7:57 am: What time do I come in on Monday?
8:04 am: You're off on Monday too.
8:05 am: Graham rushes to computer to research places to go for a weekend trip. By 11:30 am we're hitting the I-30 on our way to Hot Springs, Arkansas.
Lake Ouachita (that's WASH-it-ah, not wah-CHEET-ah) at sunset
Thus began one of the most impromptu weekends away I've ever done, going from expecting to work most of the weekend to being on holiday in a few short hours. By evening we had arrived at Lake Ouachita State Park and found our campsite. This featured a nice flat tarmac driveway for the car, a nice flat concrete slab for the picnic table - and a stony slope for the tent! Having no other option, we pitched and prepared to make the best of it, and spent the night sliding down the hill in our slippery nylon sleeping bags. The next day we picked up the tent bodily and moved it to a flatter spot on another site. The following morning we were woken by a guy cruising round in a golf cart to ask us why we were occupying a site we hadn't paid for. This despite the fact that we were the only people on the entire campground!
Hot Springs itself has some resemblance to a British seaside resort in its air of crumbling grandeur. In the early 20th century the city was a hotspot (pun intended) for those wishing to bathe in the healing waters of the 60C natural springs. Imposing spa buildings and grand hotels lined Bathhouse Row, and thousands took advantage of their facilities. With the invention of antibiotics and the rise of the motor car, fewer and fewer people were content to spend their vacation sitting in a warm pond, and the inevitable decline occurred. Today the place is pleasant in a backwaterish kind of a way, but you are constantly reminded that it is a shadow of what it once was.
Actual hot springs
There are only two of the original bath houses open for business, although many of the buildings still stand and are being restored for other purposes. We spent a pleasant couple of hours splashing around in the Quapaw Baths.
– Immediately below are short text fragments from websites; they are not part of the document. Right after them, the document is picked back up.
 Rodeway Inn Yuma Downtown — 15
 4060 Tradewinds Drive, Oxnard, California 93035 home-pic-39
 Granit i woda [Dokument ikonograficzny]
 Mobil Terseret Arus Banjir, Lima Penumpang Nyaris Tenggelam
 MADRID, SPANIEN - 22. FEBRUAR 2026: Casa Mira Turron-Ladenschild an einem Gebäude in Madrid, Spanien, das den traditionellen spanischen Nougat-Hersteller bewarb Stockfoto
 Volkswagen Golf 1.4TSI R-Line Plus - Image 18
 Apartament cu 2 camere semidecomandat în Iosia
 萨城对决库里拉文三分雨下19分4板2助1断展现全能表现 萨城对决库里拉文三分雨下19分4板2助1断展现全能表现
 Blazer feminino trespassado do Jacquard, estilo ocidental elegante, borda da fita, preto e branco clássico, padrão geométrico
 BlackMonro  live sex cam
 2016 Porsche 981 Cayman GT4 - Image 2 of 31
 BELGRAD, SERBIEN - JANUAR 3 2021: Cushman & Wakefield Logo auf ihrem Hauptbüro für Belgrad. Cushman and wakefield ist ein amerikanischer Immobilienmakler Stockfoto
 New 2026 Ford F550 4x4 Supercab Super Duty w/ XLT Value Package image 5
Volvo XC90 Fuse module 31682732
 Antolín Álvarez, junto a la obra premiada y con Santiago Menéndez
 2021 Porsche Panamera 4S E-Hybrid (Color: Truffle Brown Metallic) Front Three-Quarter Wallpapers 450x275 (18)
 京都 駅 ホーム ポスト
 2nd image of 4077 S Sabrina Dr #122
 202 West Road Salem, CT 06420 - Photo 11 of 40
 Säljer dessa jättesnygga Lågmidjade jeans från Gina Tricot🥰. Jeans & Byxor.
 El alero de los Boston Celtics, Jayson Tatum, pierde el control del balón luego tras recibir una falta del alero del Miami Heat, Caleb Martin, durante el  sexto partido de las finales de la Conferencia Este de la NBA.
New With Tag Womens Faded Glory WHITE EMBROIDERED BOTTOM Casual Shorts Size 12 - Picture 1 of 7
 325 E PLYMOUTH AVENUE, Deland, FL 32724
The four pools range from warm to very hot, and we shared them only with a scattering of retirees.
Quapaw Baths - the name inspired by Native Americans, the architecture by Arabs
Feeling very relaxed and clean, we headed over the road to BubbaLu's Bodacious Burgers for a spot of lunch. As well as great food, this place deserves a mention for its staff, who not only remembered how Graham likes his coffee, but - well, listen to this. We'd parked the car on the street. We came out of BubbaLu's. We walked towards the car. We looked at each other. Said, "This is where we left it, isn't it?" Looked at a sign. The sign said, "Reserved for tour vehicles only". We thought, "oh no!". Went dashing back into BubbaLu's. "What do we do if our car has been towed?" Very nice lady called up the city council for us and asked about it. No one knew a thing. We thought, "It's been stolen!" She asks, "Are you sure that's where you left it?" We say, "Yes.... No!" Martha dashes a few yards down the street. The car is sitting smugly just where we parked it - in the opposite direction to where we looked. We feel like a pair of idiots. Very nice lady says, "I'm just glad it's there for you". We are eternally indebted to her and need another spell in the baths to recover from the shock.
It's our car!
Fortunately the calm lakes and tree-covered hills in the area are not conducive to mental tension for long. We enjoyed swimming in the former and walking in the latter in the warm autumn sunshine and felt our spirits soothed and uplifted by the beautiful surroundings.